CourtWashington Supreme Court

Maurice Kadish, Seattle, for appellant.

Charles O. Carroll, August F. Hahn, Seattle, for respondent.

HILL, Judge.

This is an appeal from a conviction of armed robbery, and from a sentence of life imprisonment imposed for that offense in consequence of a finding that the appellant was an habitual criminal. The habitual criminal statute is attacked as unconstitutional, and a question is raised as to whether two prior out-of-state convictions were of crimes which are felonies in this state. Unlawful search and seizure and right to counsel are also suggested as issues.

The evidence of guilt in the armed robbery case was overwhelming. The amount taken in the robbery of a food store was in excess of $3,200. Prior to his arrest a car, traced to the possession of the appellant, had been seen leaving the store; and pictures of the appellant had been identified as those of the robber. The officers, who arrested him at his sign shop, searched the shop and his car, which was parked behind it, as an incident to the arrest. Approximately $2,600 together with other incriminating evidence, was found.

A motion (made and argued by court-appointed counsel) to suppress the evidence, as being obtained by an unlawful search and seizure, was denied. This constitutes a claim of error.

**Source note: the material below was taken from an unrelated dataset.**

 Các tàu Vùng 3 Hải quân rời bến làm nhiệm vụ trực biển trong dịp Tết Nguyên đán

At the trial, appellant was represented by other counsel of his own choice. When the evidence, which appellant had sought to suppress, was offered at the trial no objection was made. This constituted a waiver of the motion to suppress. State v. Hartness, 1928, 147 Wash. 315, 265 P. 742.

But, beyond any question of waiver, it is clear that the officers who made the arrest believed, and had every reason to believe, that the appellant had committed a felony and that he had fled the scene in the car found parked back of his shop. It is well established that officers have a right, as incident to a lawful arrest, to search the person arrested and the area where the arrest is made. State ex rel. Fong v. Superior Court for King County, 1948, 29 Wash.2d 601, 188 P.2d 125; State v. Lindsey, 1937, 192 Wash. 356, 73 P.2d 738; State v. Thomas, 1935, 183 Wash. 643, 49 P.2d 28; State v. Evans, 1927, 145 Wash. 4, 258 P. 845.

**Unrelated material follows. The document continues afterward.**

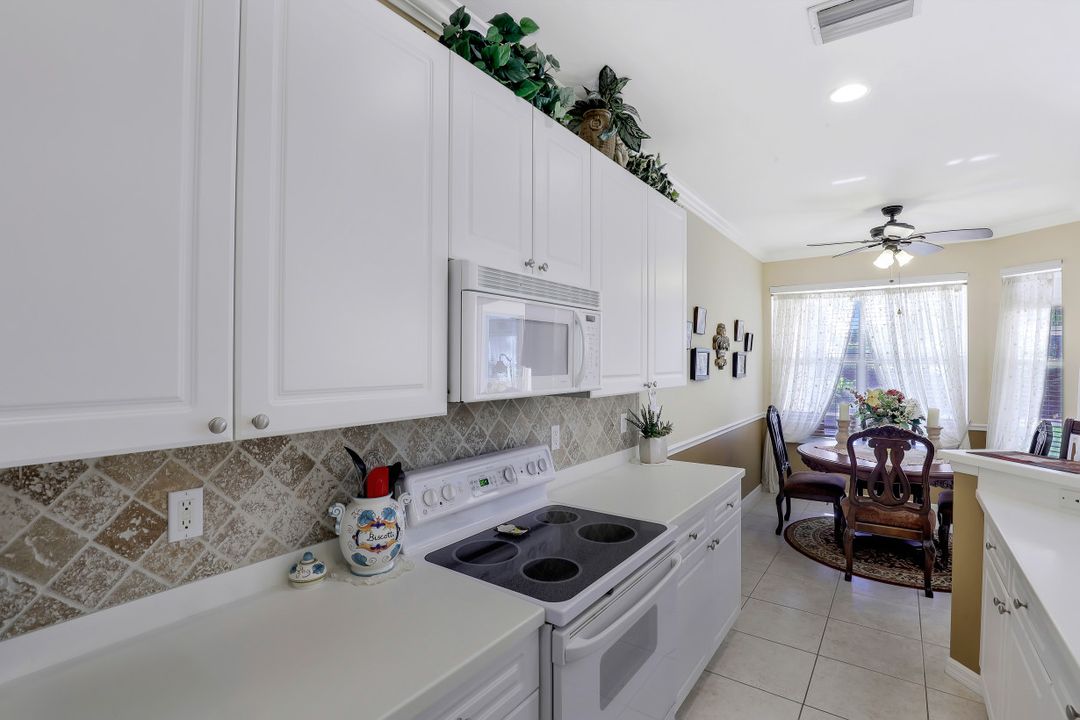 2084 Crestview Way, Naples, FL 34119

Appellant makes the customary attacks on the habitual criminal act as being unconstitutional for lack of both due process and equal protection under the law.

We have heretofore considered these contentions and found them to be without merit. Frye v. Delmore, 1955, 47 Wash.2d 605, 288 P.2d 850; State v. West, 1939, 197 Wash. 595, 86 P.2d 192; State v. Fowler, 1936, 187 Wash. 450, 60 P.2d 83; State v. Edelstein, 1927, 146 Wash. 221, 262 P. 622; State ex rel. Edelstein v. Huneke, 1926, 138 Wash. 495, 244 P. 721; 140 Wash. 385, 249 P. 784, 250 P. 469; State v. LePitre, 1909, 54 Wash. 166, 103 P. 27.

In support of its contention that the appellant has the status of an habitual criminal, the state alleged four prior felony convictions. Two of them were for offenses committed in this state: armed robbery and second-degree burglary, each of which had resulted in his imprisonment in the Washington State Penitentiary. Two were for offenses committed in Minnesota: burglary in the third degree and grand larceny in the second degree, each of which had resulted in his imprisonment in the Minnesota Penitentiary.

Each of the four convictions was proved by an exemplified copy of the judgment and sentence together with an exemplified copy of the penal institution records, including, in each instance, the finger prints of the appellant. The jury found, by answers to four special interrogatories--one relating to each of the four prior convictions alleged--that the appellant was the person named in each of the four prior convictions.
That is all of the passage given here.